We come from different cultures and upbringings, different careers and educations, those of us who play the APBA replay games.

We live across the country, alone or with families. We earn varying wages, root for different teams, have opposing political beliefs. We even alter in how we play the APBA game — basic version or a more complex master game for those who use the dice and cards to replay baseball (and other sports) seasons, or computer programs.

Yet there is one thing that bonds this eclectic group together and it's something that became very evident to me in the past few weeks of a trying time.

Each one who plays the game, who meticulously records contests either in tournaments or replays of complete past seasons, has heart. It's the common ground, and, as corny as it sounds, no matter who the APBA player is, those hearts beat in unison when it comes to kindness.

I noticed this a few weeks ago when I received an email from the APBA game company. David Yamada, an APBA player from Jamaica Plain, Mass., sent me an electronic gift certificate for a set of cards. I met David through the APBA Facebook page and we later connected as Facebook friends of our own. David is the director of the New Workplace Institute at Suffolk University Law School in Boston. He may be the most intelligent Facebook friend I have. (Sorry to all my other friends who send me funny fart jokes and whacky animal videos). He's a professor, I'm a reporter. Remember what I said about varying careers and education?

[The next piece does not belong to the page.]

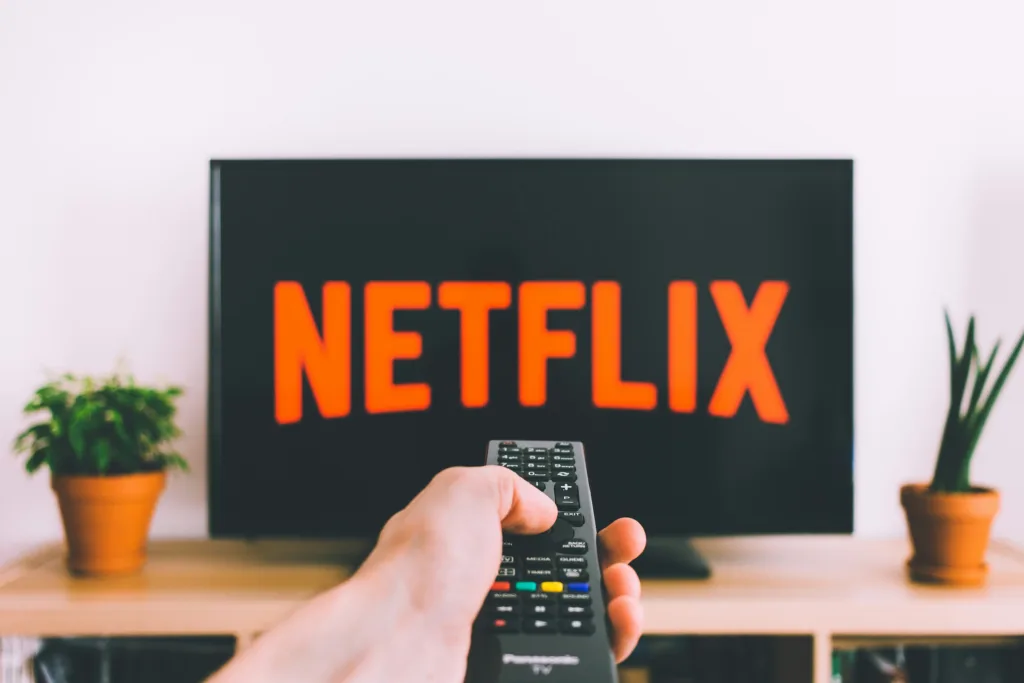 Netflix app search screen showing Ask button for AI voice search feature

He sent it because of the common bond we have for the game. I used it to buy the 1961 baseball season — something I've wanted to get for years.

Then, two weekends ago, David Moss, the owner and optometrist at Eyecare Center of Memphis, messaged me and said he had an extra ticket to a Memphis Grizzlies basketball game if I wanted to go.

I had never met a fellow APBA player before. I live only an hour from Memphis, so I headed to the game. I met David for the first time in the Club 3 section, row E, of the FedEx Forum. And, as the Grizzlies built a double-digit lead over the Portland Trail Blazers that night, we talked APBA. I'm replaying the 1950 season now; David played it before. While Marc Gasol hit hook shots and Zac Randolph grabbed rebounds, we compared notes of that season six decades ago.

At one point, I mentioned that I had played a Yankees game earlier that day and Joe DiMaggio had hit two home runs in the contest. “Single or double-column card?” he asked, referring to the game card Joltin' Joe had for that season.

Others around us may have listened in, but they had no idea what we were talking about. We talked about our APBA history and gaming obsessions. For me, despite only having met David for a few minutes, I felt like I knew him for years. I had found a new friend.

Then, last week, I posted a note about my beloved APBA cat May. I had the cat for nearly 8 years, but she began suffering seizures and things were pretty bleak for a few weeks. I suffered with her; it was constant on my mind. I couldn't help May and it kept bringing me back to when my wife was in kidney failure some 10 years ago. I was helpless and frightened I'd lose yet another family member.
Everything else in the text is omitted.